Write out exactly, please, the lines from the one containing "Newly Refurbished 2" to the end of the material.

### INPUT
..............................

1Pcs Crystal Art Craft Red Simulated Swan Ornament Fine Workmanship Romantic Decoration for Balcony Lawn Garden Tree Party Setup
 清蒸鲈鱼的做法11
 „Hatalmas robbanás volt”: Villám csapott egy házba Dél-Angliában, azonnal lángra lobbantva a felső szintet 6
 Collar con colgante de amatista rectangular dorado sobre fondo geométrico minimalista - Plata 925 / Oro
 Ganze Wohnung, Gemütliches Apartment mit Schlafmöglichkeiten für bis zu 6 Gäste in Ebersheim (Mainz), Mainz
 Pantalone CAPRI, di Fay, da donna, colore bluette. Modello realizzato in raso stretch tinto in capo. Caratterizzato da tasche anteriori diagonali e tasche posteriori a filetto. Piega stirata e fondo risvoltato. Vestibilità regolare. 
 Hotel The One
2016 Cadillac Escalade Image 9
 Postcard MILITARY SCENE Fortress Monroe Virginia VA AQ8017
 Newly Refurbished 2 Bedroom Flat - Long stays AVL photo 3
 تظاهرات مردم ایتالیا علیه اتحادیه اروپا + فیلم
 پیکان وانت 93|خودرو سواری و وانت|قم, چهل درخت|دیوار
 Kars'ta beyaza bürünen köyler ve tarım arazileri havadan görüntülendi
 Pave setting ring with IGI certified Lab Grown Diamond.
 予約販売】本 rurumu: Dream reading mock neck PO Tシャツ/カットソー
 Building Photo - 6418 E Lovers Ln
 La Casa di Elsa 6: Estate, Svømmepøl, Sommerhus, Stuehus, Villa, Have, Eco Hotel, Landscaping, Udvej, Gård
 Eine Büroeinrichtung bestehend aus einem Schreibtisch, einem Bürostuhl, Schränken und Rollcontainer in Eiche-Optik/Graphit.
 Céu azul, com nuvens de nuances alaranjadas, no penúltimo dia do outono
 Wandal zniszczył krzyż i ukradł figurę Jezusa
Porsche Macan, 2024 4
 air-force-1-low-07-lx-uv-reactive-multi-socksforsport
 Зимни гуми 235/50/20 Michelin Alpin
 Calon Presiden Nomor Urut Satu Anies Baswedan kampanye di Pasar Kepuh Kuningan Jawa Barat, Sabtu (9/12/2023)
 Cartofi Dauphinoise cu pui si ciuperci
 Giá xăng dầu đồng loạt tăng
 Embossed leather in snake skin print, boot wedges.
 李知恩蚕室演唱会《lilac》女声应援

..............................

### WRITTEN SOLUTION
 Newly Refurbished 2 Bedroom Flat - Long stays AVL photo 3
 تظاهرات مردم ایتالیا علیه اتحادیه اروپا + فیلم
 پیکان وانت 93|خودرو سواری و وانت|قم, چهل درخت|دیوار
 Kars'ta beyaza bürünen köyler ve tarım arazileri havadan görüntülendi
 Pave setting ring with IGI certified Lab Grown Diamond.
 予約販売】本 rurumu: Dream reading mock neck PO Tシャツ/カットソー
 Building Photo - 6418 E Lovers Ln
 La Casa di Elsa 6: Estate, Svømmepøl, Sommerhus, Stuehus, Villa, Have, Eco Hotel, Landscaping, Udvej, Gård
 Eine Büroeinrichtung bestehend aus einem Schreibtisch, einem Bürostuhl, Schränken und Rollcontainer in Eiche-Optik/Graphit.
 Céu azul, com nuvens de nuances alaranjadas, no penúltimo dia do outono
 Wandal zniszczył krzyż i ukradł figurę Jezusa
Porsche Macan, 2024 4
 air-force-1-low-07-lx-uv-reactive-multi-socksforsport
 Зимни гуми 235/50/20 Michelin Alpin
 Calon Presiden Nomor Urut Satu Anies Baswedan kampanye di Pasar Kepuh Kuningan Jawa Barat, Sabtu (9/12/2023)
 Cartofi Dauphinoise cu pui si ciuperci
 Giá xăng dầu đồng loạt tăng
 Embossed leather in snake skin print, boot wedges.
 李知恩蚕室演唱会《lilac》女声应援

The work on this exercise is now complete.